# [DATASET SECTION]
———
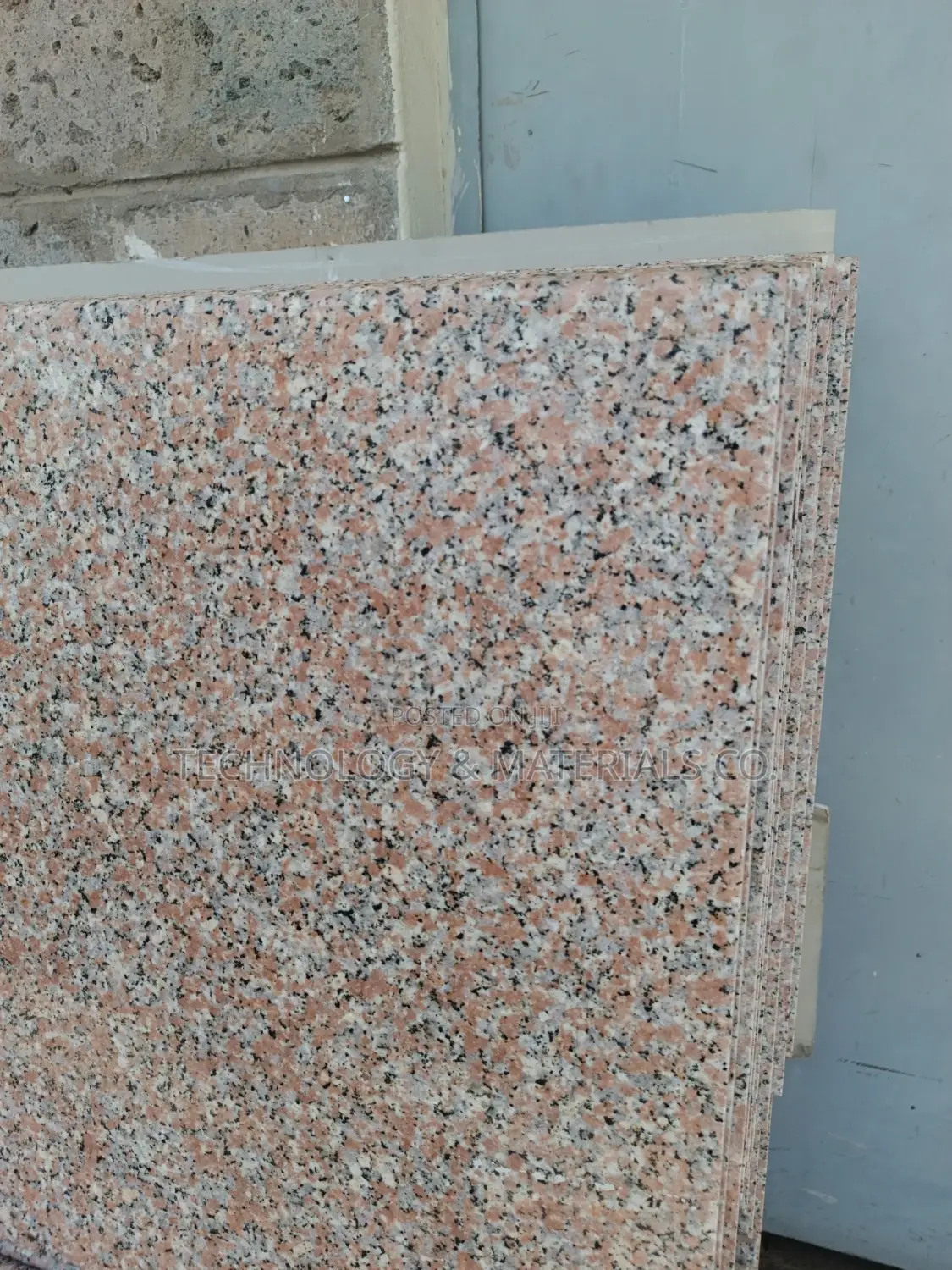 Granite-Dark Rosa Hoody-2.4*0.6m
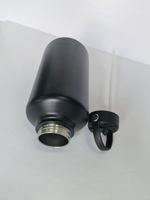 Bouteille d'eau isotherme en acier inoxydable de grande capacité (64 oz) écologique pour adultes, camping, isolation thermique de 6 à 12 heures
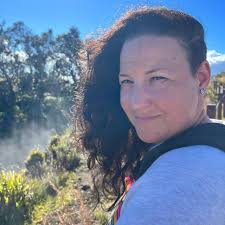 Lisa Ritz (@ritztigram) • Threads, Say more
———
# [EXERCISE DETAILS]
Output only these lines, word for word: the line containing "Bouteille d'eau isotherme" and every line after it through the last line of the data. Omit the pictures.

# [RESPONSE BELOW]
 Bouteille d'eau isotherme en acier inoxydable de grande capacité (64 oz) écologique pour adultes, camping, isolation thermique de 6 à 12 heures
 Lisa Ritz (@ritztigram) • Threads, Say more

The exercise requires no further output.